Mr Cameron added another female face around the Cabinet table as former TV presenter Esther McVey, who keeps her job as minister for employment and disabilities, will now attend Cabinet. Ms McVey is not a full member of Cabinet.
Matt Hancock, a key ally of Chancellor George Osborne, takes the role of Minister of State for Business, Enterprise and Energy vacated by Mr Fallon, as well as being Minister for Portsmouth, and will attend Cabinet.
Labour described the reshuffle as a “massacre of the moderates” which marked a shift to the right by Mr Cameron less than a year ahead of the 2015 general election.
Universities minister David Willetts resigned and was replaced by Greg Clark, who will attend all Cabinet meetings.
Andrew Robathan quit as a minister in the Northern Ireland Office and Alan Duncan left his post at international development, while news of Hugh Robertson’s resignation from the Foreign Office filtered through while he was on an overseas trip in Beirut.
Nick Hurd said he was leaving his post as minister for civil society, while reports suggested policing minister Damian Green, rail minister Stephen Hammond and solicitor general Oliver Heald were all being sacked.
Explaining his decision to stand down as an MP, Mr Hague said: “After the general election I will return to my writing, while still giving very active support to the Conservative Party and campaigning on international causes I believe in.”
The Prime Minister said: “William Hague has been one of the leading lights of the Conservative Party for a generation, leading the party and serving in two Cabinets.
“Not only has he been a first-class Foreign Secretary, he has also been a close confidant, a wise counsellor and a great friend. He will remain as First Secretary of State and my de facto political deputy in the run-up to the election - and it is great to know that he will be a core part of the team working to ensure an outright Conservative victory at the next election.”
Departing Kenneth Clarke, 74, issued a parting shot at eurosceptics within the Tory party, insisting that no British government would want to quit the EU and saying that those pressing it to do so were “crackers”.
Mr Clarke said he regretted the departure of Mr Grieve, which has sparked speculation that Mr Cameron may be preparing the way for changes to Britain’s membership of the European Convention of Human Rights.
“I personally think it’s unthinkable we should leave the European Convention on Human Rights. It was drafted by British lawyers after the Second World War in order to protect the values which we fought the war for. It is the way in which we uphold the kind of values we strive for,” Mr Clarke told BBC Radio 4’s Today programme.
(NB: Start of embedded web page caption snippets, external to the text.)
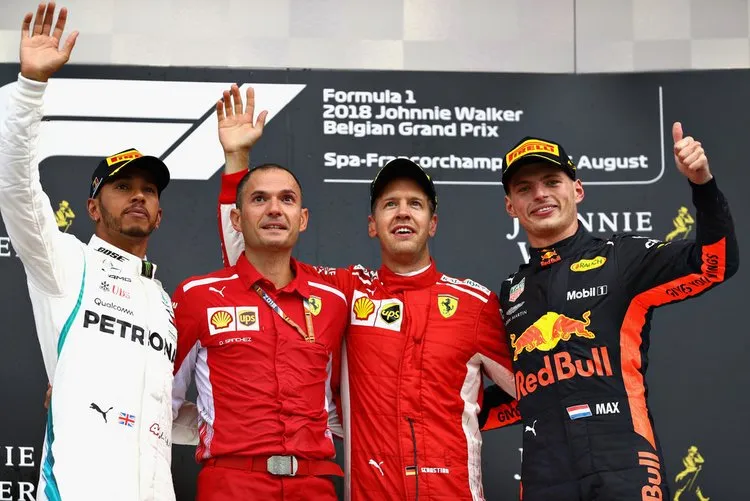 f1grandprixofbelgiumtlhpdsoi3a9x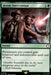 Heroic Intervention 202 Rare Universes Beyond: Fallout Magic: The Gathering NM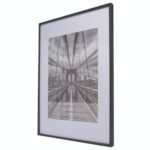 productHero-SPOTWF-BP920008977-black-2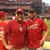Teddy Spurgeon's profile image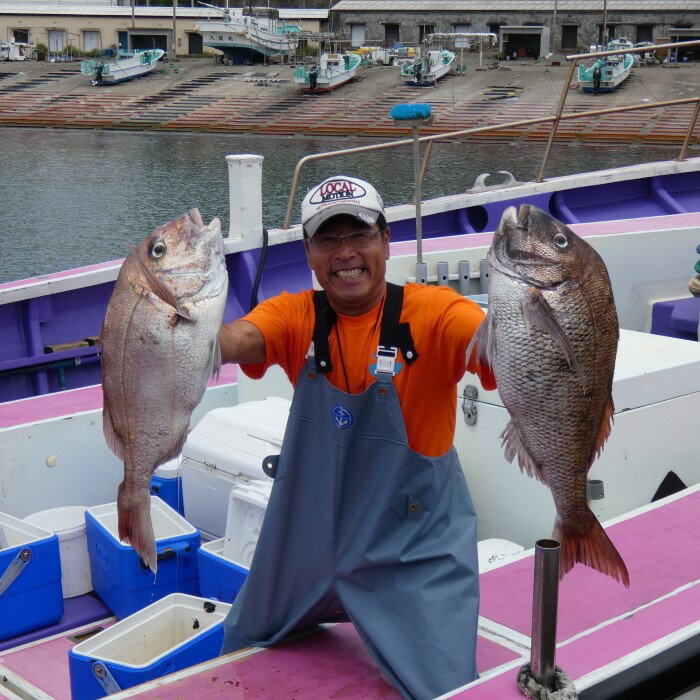 【ふるさと納税】釣り船乗船券(11,000円分) ONJU001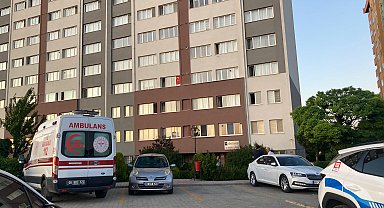 Cezaevindeki kadının evinde derin dondurucuda bebek cesedi bulundu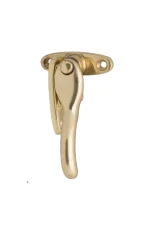 MILES NELSON WEDGE FASTENER - 918 - Image 6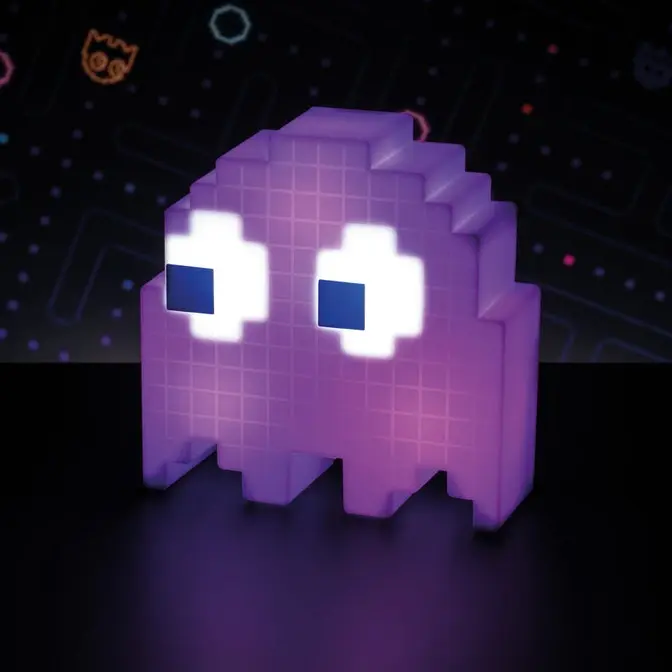 pacman--ghost-light-5055964717469-1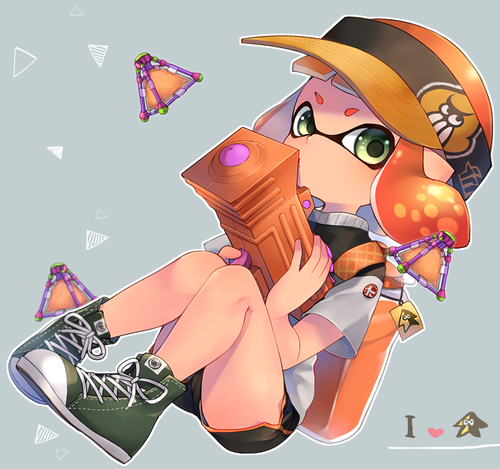 イラスト7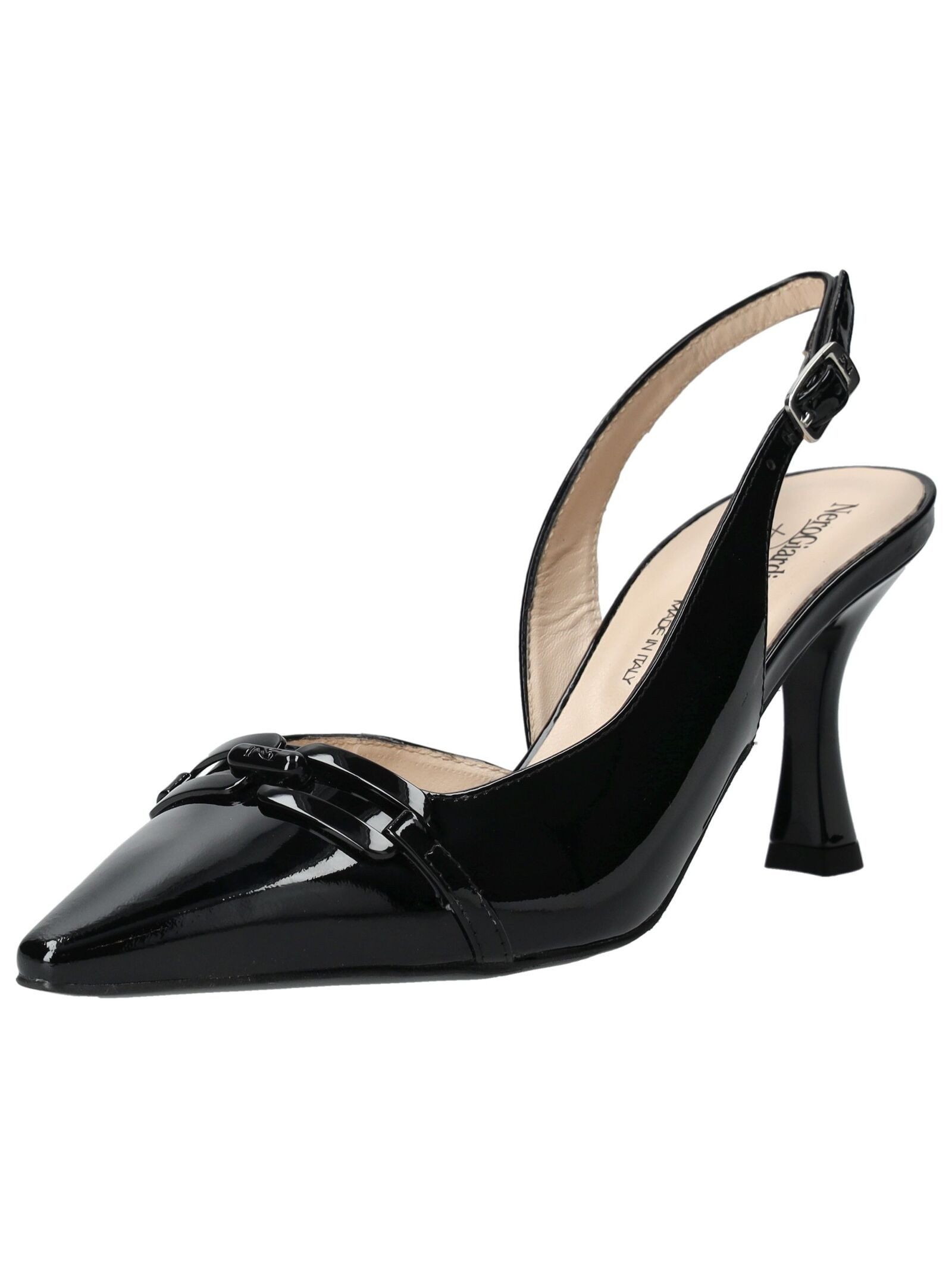 Nero Giardini Nero Giardini Туфли Leder Босоножки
“Any government of this country is going to want Britain to stay in the European Union. It is the best way of affecting global political events and boosting our economy and the best way of protecting the interests of our citizens in a globalised world.”
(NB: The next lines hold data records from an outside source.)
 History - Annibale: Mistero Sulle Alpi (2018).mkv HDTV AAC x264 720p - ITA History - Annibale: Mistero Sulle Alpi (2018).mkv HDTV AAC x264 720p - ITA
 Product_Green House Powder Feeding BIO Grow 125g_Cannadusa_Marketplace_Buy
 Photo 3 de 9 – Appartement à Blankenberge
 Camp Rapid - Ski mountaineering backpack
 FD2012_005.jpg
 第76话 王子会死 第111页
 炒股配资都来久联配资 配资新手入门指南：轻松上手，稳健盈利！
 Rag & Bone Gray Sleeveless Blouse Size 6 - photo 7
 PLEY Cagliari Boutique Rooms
Mr Cameron paid tribute to veteran Mr Clarke, who first entered government in 1972, served as health secretary, education secretary, home secretary, chancellor of the Exchequer and lord chancellor, and spent the last few years as Minister without Portfolio in a front-bench career lasting more than four decades.
“Ken Clarke has been a political Titan for more than a generation,” said the Prime Minister. “His wise and trenchant views will be missed around the Cabinet table.”
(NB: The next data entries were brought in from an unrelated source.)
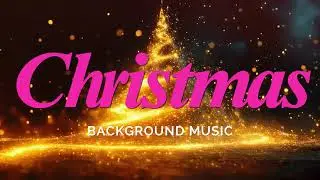 Royalty Free Christmas Music | Christmas Background Music No Copyright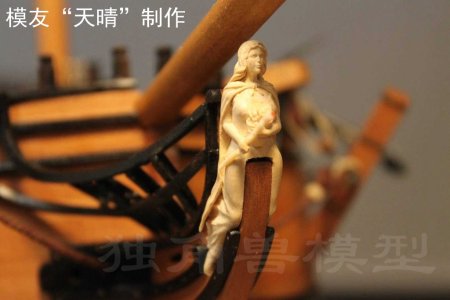 Druid_with upgrades_finished3.jpg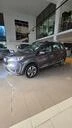 Honda BR-V 1||33086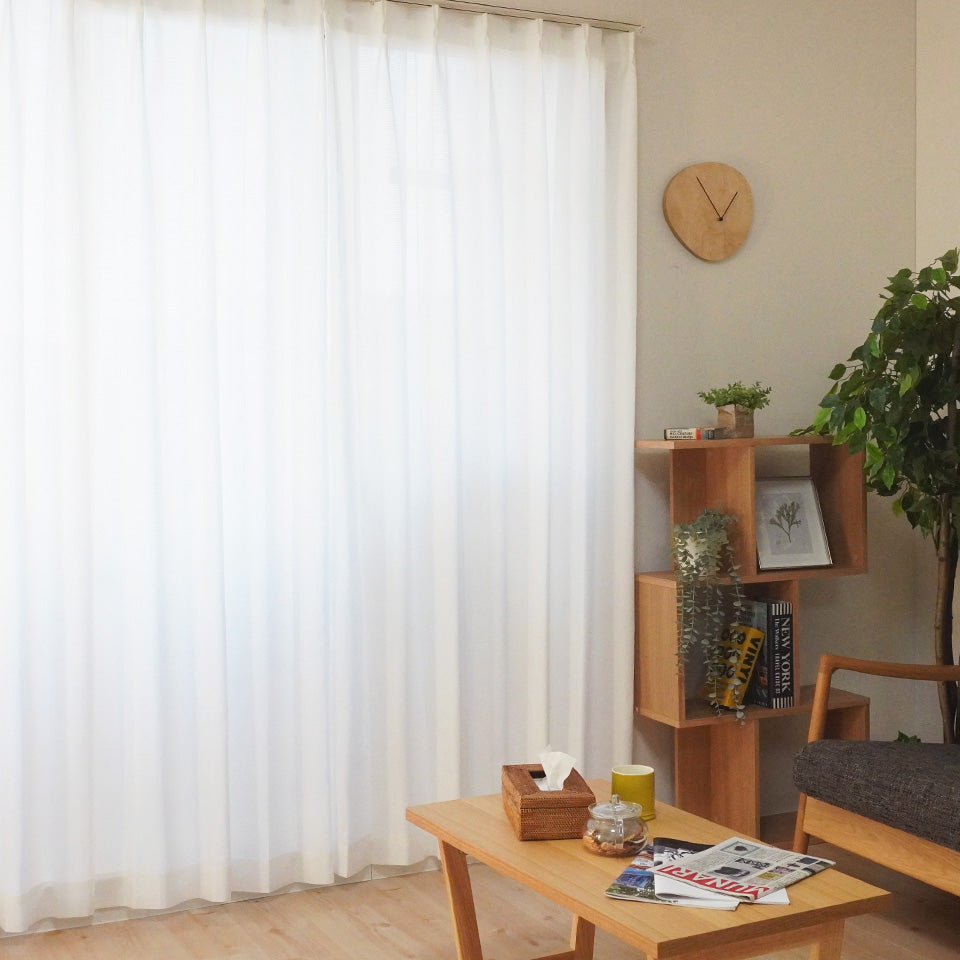 既製｜20サイズ 遮像 さりげないストライプラインのミニマルレース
Labour highlighted Mr Hammond’s Euroscepticism in an attack on the Tories over a lurch to the right.
Shadow Cabinet Office minister Michael Dugher said: “This speaks volumes about David Cameron’s leadership.
“Four years of failure to promote women and now we have the massacre of the moderates.
“Britain’s foreign policy is now set to be led by a man who has talked about taking us out of the EU. The Tories are now retreating out of Europe with all the threat that poses to jobs and business in Britain.
“This reshuffle shows how weak David Cameron is, running scared of his own right wing. That’s why he cannot focus on the big challenges facing families up and down the country.”